Harry Kane was rejected by Arsenal as a child and spent years bouncing around on loan deals before becoming one of the most prolific strikers in Premier League history. Luka Modrić was considered too small and weak as an adolescent at a time when Croatian football was built around physical dominance. N’Golo Kanté was playing in the sixth tier of French football at 19.
None of these careers was an accident.
Each of these players had something that physical development cannot give you, and that no scout can measure on a Tuesday night in November: the ability to read the game, to position themselves intelligently, to want the ball in pressure moments.
Those qualities, developed through years of having to outsmart bigger and faster opponents, proved far more durable than anyone’s growth spurt.
The research literature has a name for this dynamic.
Players who develop physically later are often forced to build what coaches call technical resilience, an ability to function under physical duress that early developers, who can always rely on their size, never fully acquire. When the physical advantages of early maturation eventually even out in the late teenage years, the late developer frequently emerges with a higher soccer ceiling.
What the Brain Is Doing While the Body Catches Up

There is also the question of what the brain is doing during all of this.
Cognitive development continues well into the late teenage years and in some cases beyond. Decision-making under pressure, spatial awareness, tactical pattern recognition, the mental architecture that separates an average player from a smart one does not finish forming at 13.
A system that evaluates players primarily on athletic metrics at 12 or 13 is measuring the least predictive things, at the least predictive moment, for the least predictive reasons.
A 2025 longitudinal study examining 1,518 male and 487 female soccer players found a persistent relative age effect across national team programs, with birth quartile distribution directly influencing transition rates from youth to senior international competition meaning players born in the earlier months of the selection year were significantly more likely to go on to professional careers, not because they were better players, but because the system funnelled development resources their way from early childhood.
The talent lost in that filter is incalculable.
And it accumulates silently, one U13 tryout at a time, across thousands of clubs in thousands of towns, without anyone in the system ever having to confront what they passed over.
What Parents Can Do Right Now
None of this means elite youth soccer is simply broken or that everyone who runs an academy is making selections in bad faith. Coaches work in environments where results matter, clubs need to recruit and retain players to stay financially viable, and parents understandably want their children on the best available team.
The incentives pointing toward early selection are structural and real.
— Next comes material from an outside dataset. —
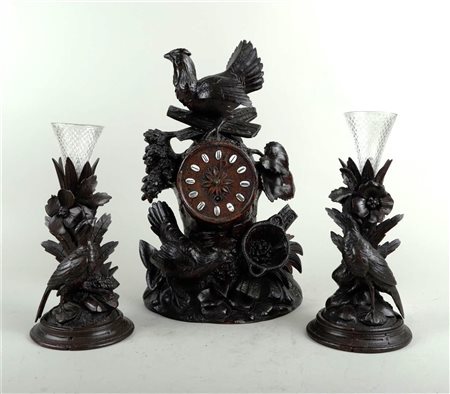 A wooden Garniture de Cheminée decorated with various birds. The clock...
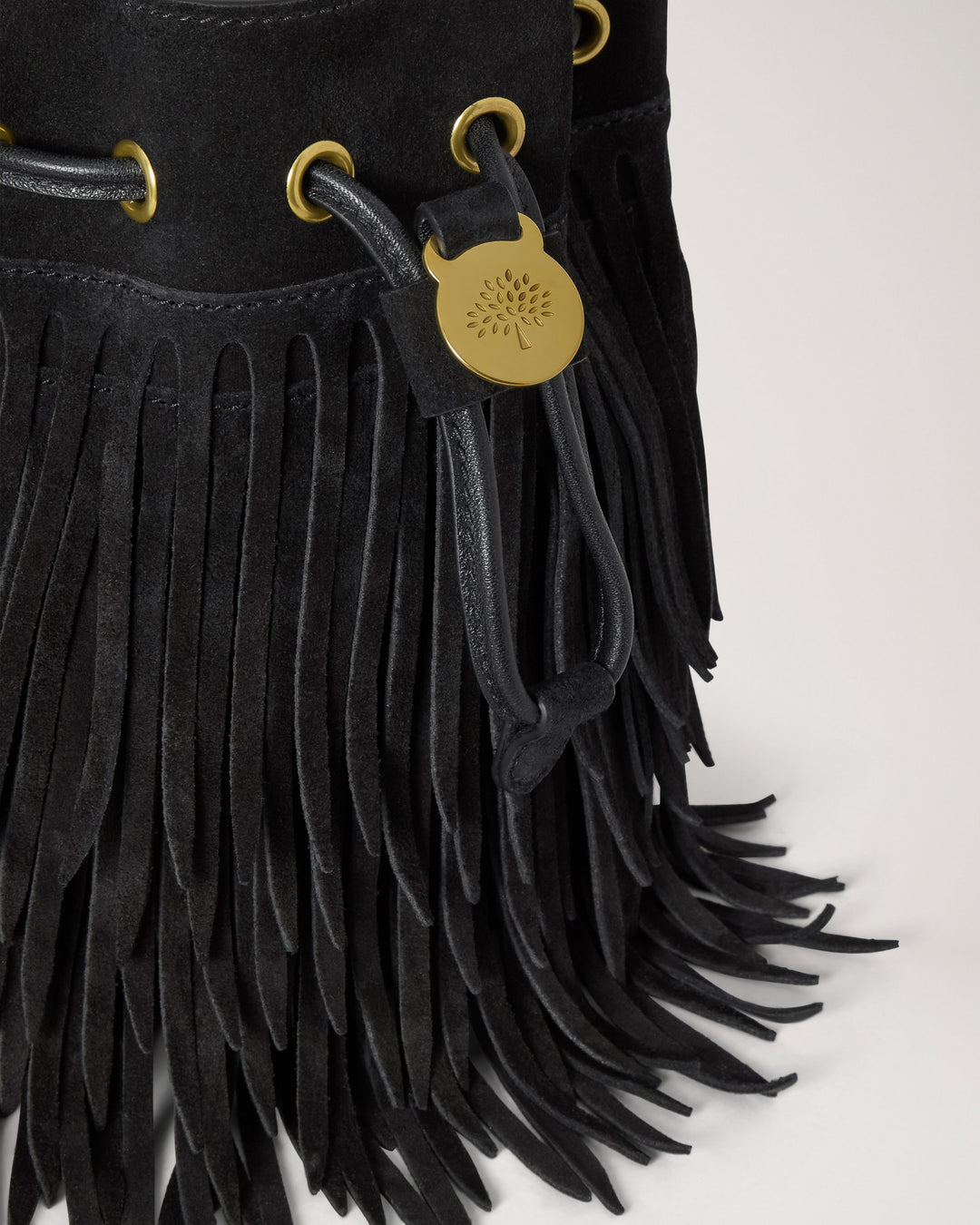 Mulberry mini black suede bucket bag with tiered fringe, gold-tone eyelets, drawstring closure with tree emblem toggle and adjustable crossbody strap - view 4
But the conversation is changing. MLS NEXT introduced playing time rules requiring U13 teams to play three 25-minute periods with guaranteed playing time for all rostered players, a policy that would have seemed radical even five years ago in elite American youth soccer.
The scholarship initiative, the expanded talent identification weekends, and the age-group restructuring: none of these is a perfect solution, but they reflect a system that is at least beginning to interrogate its own assumptions.
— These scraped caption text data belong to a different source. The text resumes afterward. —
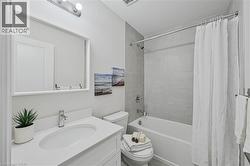 Bathroom featuring a white vanity with an integrated sink, chrome faucet, and rectangular mirror - 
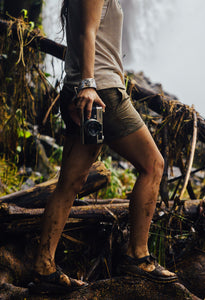 Muddy women hiking holding film camera with Wildtree Flower wrist strap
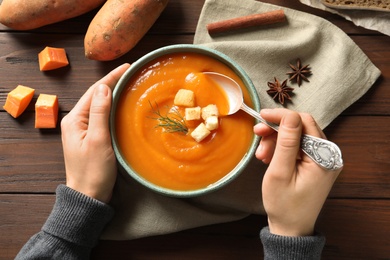 Photo of Woman eating tasty sweet potato soup at table, top view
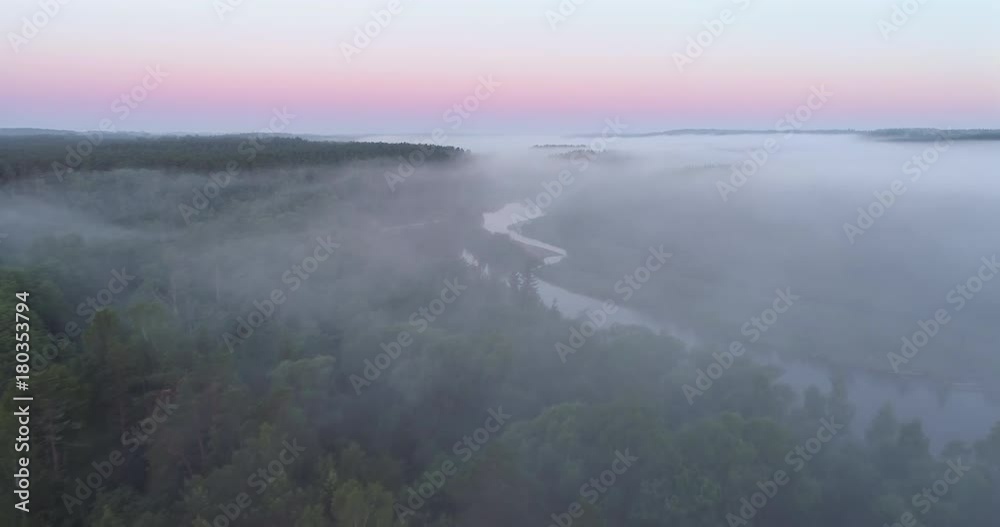 Drone shot flying low over foggy forests and river at dawn in Gauja National Park, Latvia Drone shot flying low over foggy forests and river at dawn in Gauja National Park, Latvia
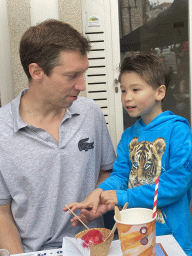 Tim and Max with ice cream and a drink at the terrace of the Flor de São Bento bakery at the Praça de Almeida Garrett square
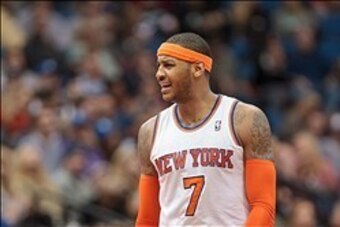 Mar 5, 2014; Minneapolis, MN, USA; New York Knicks forward Carmelo Anthony (7) in the third quarter against the Minnesota Timberwolves at Target Center. The Knicks win 118-106. Mandatory Credit: Brad Rempel-USA TODAY Sports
What parents can do in the meantime is clearer than what governing bodies can do.
Track development over years rather than months. Choose playing time and quality coaching over brand recognition. Ask clubs not how many trophies they have won but what their developmental philosophy looks like and how they handle players on different timelines.
Find the environment where your kid is learning, competing, and actually enjoying soccer because enjoyment is not a soft outcome; it is the single biggest predictor of whether a player stays in the game long enough to fulfil their potential.
The system is wired to find the early developer. That is a problem the system has to fix. But the kid who is still growing at sixteen, still getting smarter about the game, still showing up, that kid is not behind schedule.
There is no schedule. There never was.